I told my kids to sit Kriss Kross applesauce and now they’re jumping
1% milk was invented when someone poured regular milk into a glass that still had water in it and they were too ashamed to admit their mistake.
“Mr. Trump how will you beat Hillary Clinton?”
TRUMP: I’ll win NY, Florida, Ohio, we’re going to add states, Gerzona, Timbaland, Waterworld
Sure you call it a college fund for your kid, yet deep in your heart you know it’s bond money.
Whoa. I guess one dude quit:
Interviewer: Why should we hire you?
Me: Well, if you hire me, I will make all of your other employees look FANTASTIC by comparison.

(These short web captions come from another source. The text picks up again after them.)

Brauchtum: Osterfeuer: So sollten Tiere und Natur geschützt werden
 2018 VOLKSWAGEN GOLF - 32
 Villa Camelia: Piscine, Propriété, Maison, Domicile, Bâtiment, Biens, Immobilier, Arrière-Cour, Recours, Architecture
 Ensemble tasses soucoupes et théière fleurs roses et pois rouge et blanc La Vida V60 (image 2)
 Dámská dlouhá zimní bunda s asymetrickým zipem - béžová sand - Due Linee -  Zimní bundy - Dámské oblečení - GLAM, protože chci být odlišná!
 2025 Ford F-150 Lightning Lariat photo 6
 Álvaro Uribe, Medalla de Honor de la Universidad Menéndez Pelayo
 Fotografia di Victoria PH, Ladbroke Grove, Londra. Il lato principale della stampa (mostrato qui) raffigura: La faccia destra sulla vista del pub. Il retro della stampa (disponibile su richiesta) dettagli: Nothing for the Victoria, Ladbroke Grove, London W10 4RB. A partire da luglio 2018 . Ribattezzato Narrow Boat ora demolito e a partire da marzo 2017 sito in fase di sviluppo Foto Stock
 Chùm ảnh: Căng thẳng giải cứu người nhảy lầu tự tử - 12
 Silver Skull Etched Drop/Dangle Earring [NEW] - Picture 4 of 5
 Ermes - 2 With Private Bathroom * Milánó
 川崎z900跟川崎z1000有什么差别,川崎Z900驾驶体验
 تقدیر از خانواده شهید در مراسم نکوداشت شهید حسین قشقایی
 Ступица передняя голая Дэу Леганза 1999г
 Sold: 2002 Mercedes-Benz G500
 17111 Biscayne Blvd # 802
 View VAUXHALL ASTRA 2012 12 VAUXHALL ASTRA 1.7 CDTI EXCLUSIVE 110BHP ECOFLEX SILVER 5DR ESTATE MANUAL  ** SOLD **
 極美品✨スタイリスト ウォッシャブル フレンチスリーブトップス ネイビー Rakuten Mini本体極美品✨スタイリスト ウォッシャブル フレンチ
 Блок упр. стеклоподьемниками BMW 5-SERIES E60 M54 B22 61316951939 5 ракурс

I’m never marrying anyone else that I find on craigslist.
them: With great power comes great responsibility
me: *shuts off electricity*
HIM: I eat guys like you for breakfast.
ME: I don’t underst—it’s 2:15, you can’t have breakfast now.
HIM: No, like, I’m threatening you.
ME: For tomorrow?
Buried bones of a famous crime family might be located at an Olive Garden. “When you’re here, you’re family.”
Any time you see a mass suicide case on the news, you can pretty much assume the assembly of an IKEA product was the cause.
I’m terrible with names…
…just ask my daughter Barry
My favorite part of parenting is watching the same tiny human that just happily ate what he pulled out of his nose, gag over my homemade lasagna
[at an indian restaurant]
me: they’re well known for their gooey naan.
her: what’s gooey naan?
me: nothing much what’s goin’ on with you?
Wife: “Do you want to watch Batman Forever?”
Me: “I’ll watch it for a couple of hours.”
Wife: “I hate you.”
Can’t sleep because I keep finding exciting opportunities to get pissed off.
I’m surprised carving faces into vegetables after pulling out their innards isn’t incorporated into more American Holidays.